Tesco income overstatment and the financial press

I don't know the details of Tesco's income overstatement -- the total looks large from here but not earth-shattering.  There are clear problem there but not really of my concern.  I know little about the company aside from the fact that I think my sister works there -- but in a non-retail division (maybe there are two Tesco's?) and that I used to shop there for groceries. Now this is a big company with annual profits in the STG 2 billion range (USD 3 billion with US$ 100 billion turnover) , so a STG 250 million error in net profit is a problem but its not about to kill the company (another story for its management).

This story is about analyst and financial reporters.  Last night flying back from Europe (on Air France -- man were we lucky that our flight was not cancelled) I was reading "Les Echos"  which is the French equivalent to the Financial Times.  There was a long winded article on the Tesco saga.  I was not very interested but one bit of information was fascinating:

The journalist was quoting an analyst that said that Tesco was overstating its revenues by not paying its suppliers.  According to the analyst Tesco would only pay 95% of the invoice and declare the balance as a profit.  My first reaction is that this has to be the most stupid comment on earth!  If you have an invoice for $100 and you only pay $95 aside from gross stupidity there is no way for the $5 difference to end up in profits... unless you decide not to eventually pay the $5 that you owe to the suppliers.  Even then this would not be ordinary income it would be extraordinary (not from operations).

Now this is where it gets tricky (and by the way the journalist never mentioned this bit).  Lets say that you buy $100 from a supplier -- but you have a deal with the supplier, if you order another $100 you get a 5% discount on your order.  In other words the next $100 of goods you buy only cost you $95. So it would be possible for Tesco to realize an additional profit on the next $100 of goods in bought of $5.

The question is then, when do you book this real profit.  As soon as you've order the next $100 of goods or once you have sold them?  This is not an easy question -- in fact there's a famous case study of discounts with the Arthur Murray School of danse ("AMS"). Guess what in AMS' american operations this kind of discount is accounted as profit at after the sale of the goods (the second $100) but in Australia the profit is booked as soon as the second $100 of good is bought.  Clearly there are different ways at looking at profits.

As a side note its always interesting to look at companies account in different jurisdiction (dual listing) the P&L are often very different -- for the same company.

Overall, and this is what is important as with regards to the article.  The fact that Tesco didn't pay the whole amount due to suppliers doesn't constitute a potential profit event; the only thing it does is that paying the $95 invoice will reduce payable by that amount -- in itself it has no profit impact.  if Tesco decided not to pay the $5 balance this is not an "ordinary profit"!

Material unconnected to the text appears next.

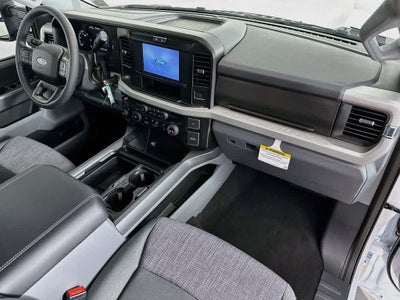 Ford Super Duty F-350 DRW Pickup XLT 2026
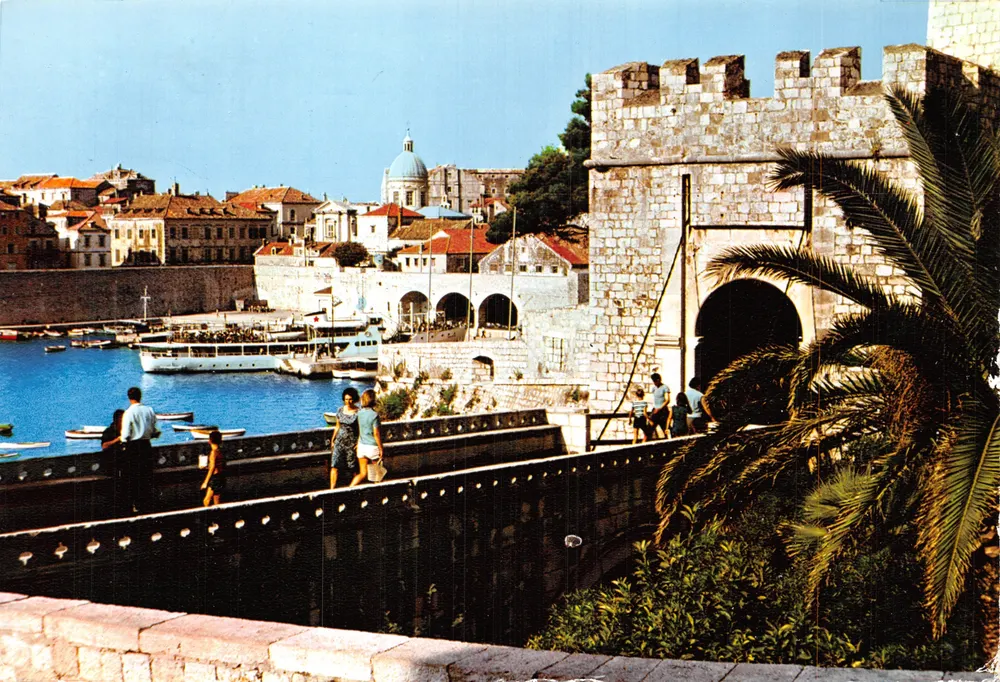 Dubrovnik — Ansicht des Hafens und der Festung — Verlag « Dubrovnik » - Vorderseite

This is my point, this is a complex problem:  little of the information is available on why Tesco mis-stated profits by such a significant amount.  Grocery stores are notorious bad payers (to suppliers) because they operate in such tight margins.  But the article gave a false impression as to the nature of the problem.  I have serious doubts that an analyst (this was  a quoted statement in the article) actually said something as stupid, but I am confident that the journalist didn't understand what the nature of the problem was that could have generated this mis-statement of profits.

anyway that's it!

I have no position on Tesco (or any grocery operator for that matter)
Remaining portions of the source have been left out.